On 3/16/06, Hans Hagen
3. Regression testing in pdfTeX: A change that only aims at e.g. performance enhancements should not alter the document. Many other changes of course will change it.
i think that you must define different levels of similarity:
- pure text: in that case a bitmap as already discussed is needed - functionality (annotations and such): that need to take place at the pdf level, i.e. filtering resources and descriptions and compare them (e.g. annotation names, rectangles, etc) - font resources
If we focus on differences between pdf documents and forget for the moment that we are using pdftex, these levels apply to a much wider class of documents. I suspect it is too early to know what sort of differences will occur, so the first step is to find tools to analyze differences between PDF documents. Many people who have never heard of pdftex would like to be able to compare PDF's and analyze the contents, so if you create a good initial framework there will be lots of help. I've never used the commercial preflight tools, but based on the 4th hand reports I get (printer operator --> cust. service --> editor --> me) I gather that the commercial tools can provide pretty detailed reports (e.g., figure on page N has yellow in the "black" annotation text). I'm not sure that rasterizing is the best approach. What about a ghostscript device that generates various debugging summaries. Some things that would be useful: 1. list of objects with md5sums and page numbers where the object is used -- this would be used to focus in on areas where documents differ. If files differ on a small number of pages then comparing bitmaps might be useful and economical of resources. 2. human readable summary of a specified object We already have tools to pull out specified pages and extract text.

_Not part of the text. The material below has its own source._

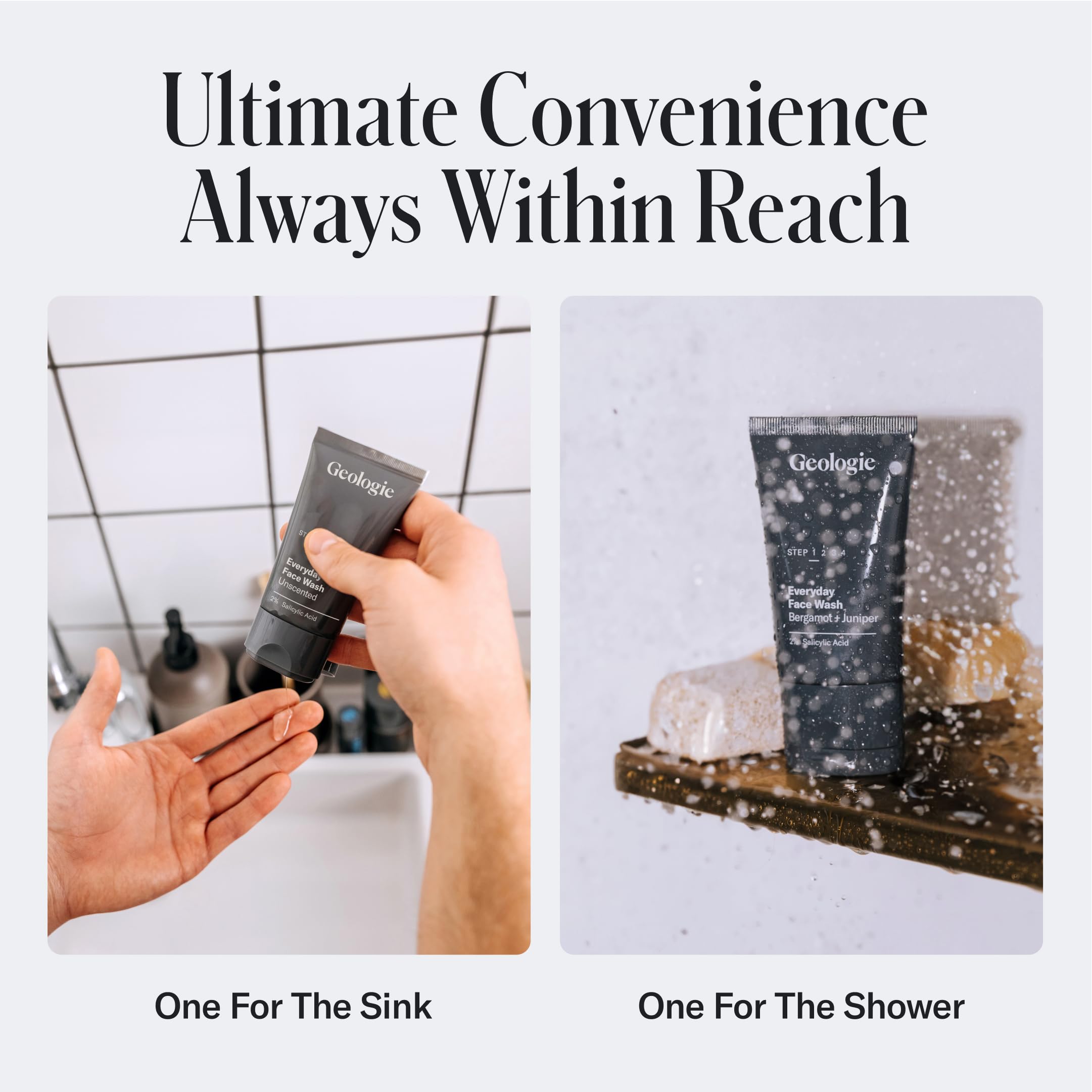 Lot de deux tubes Geologie, pratique pour la douche et le voyage.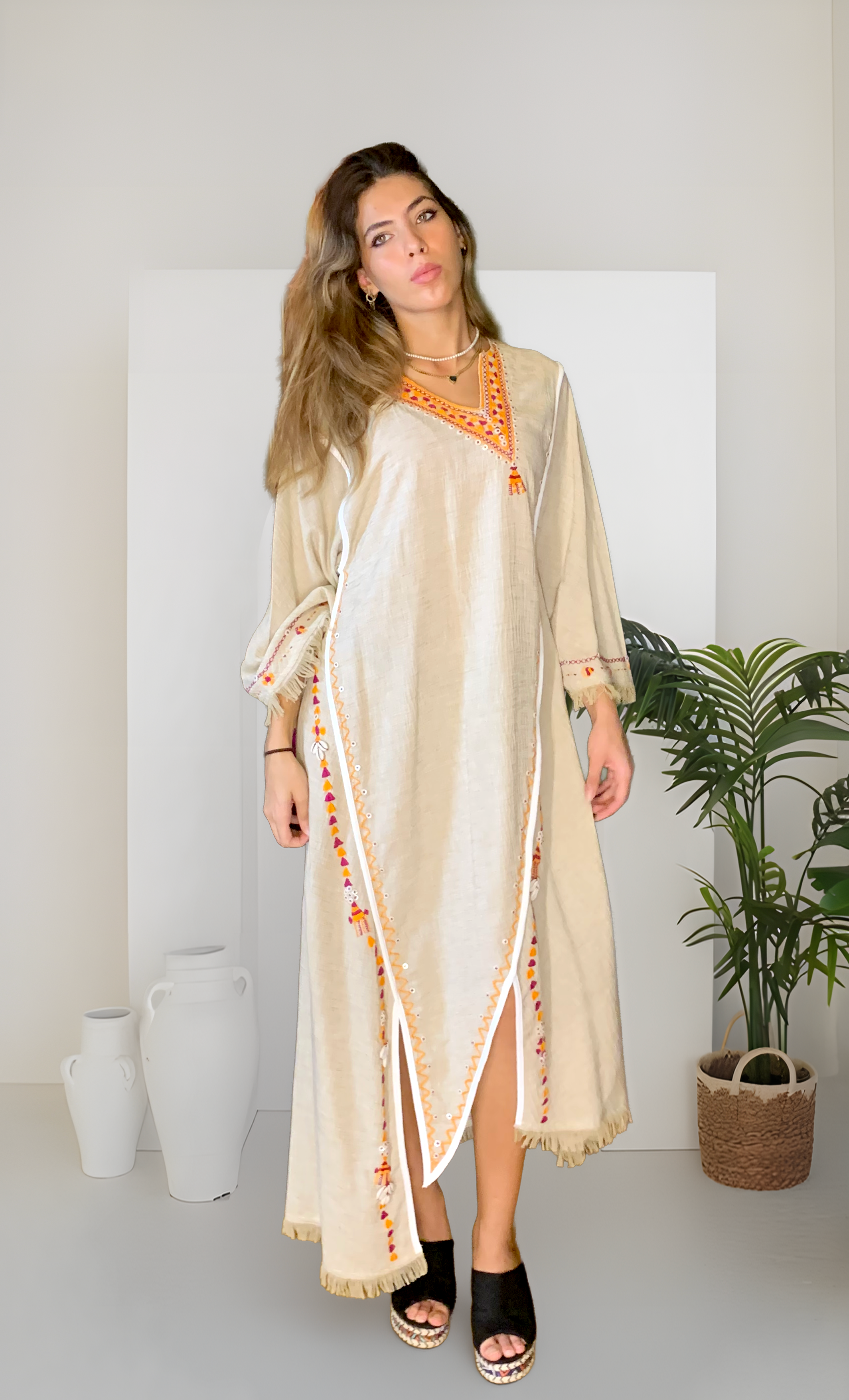 Beige Linen Dress with Sleeves, embordered with Oasis Motifs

i can imagine that your test of text similarity is run with disabled interactive features
the second one could be an add=on for pdftex: a special log mode, where pdftex writes a file with all annotations (name, page, rectangle, maybe also the while dict) and a second one which lists all the used fonts, encoding files, map lines and glyphs (encoding subset)
It would be better to focus on things that can be used with other pdf
generating applications. Many pdftex documents have pdf's from
sources other than pdftex embedded. It would be worth thinking about
ways to add metadata to pdf's to help the analyzers, but if we rely on
the pdftex logs then we have to develop all the tools ourselves and if
the difference is in an input pdf our tools may not work. If we
produce a good framework I suspect the larger community of pdf users
will become engaged and accomplish much more than the pdftex
community can afford.
--
George N. White III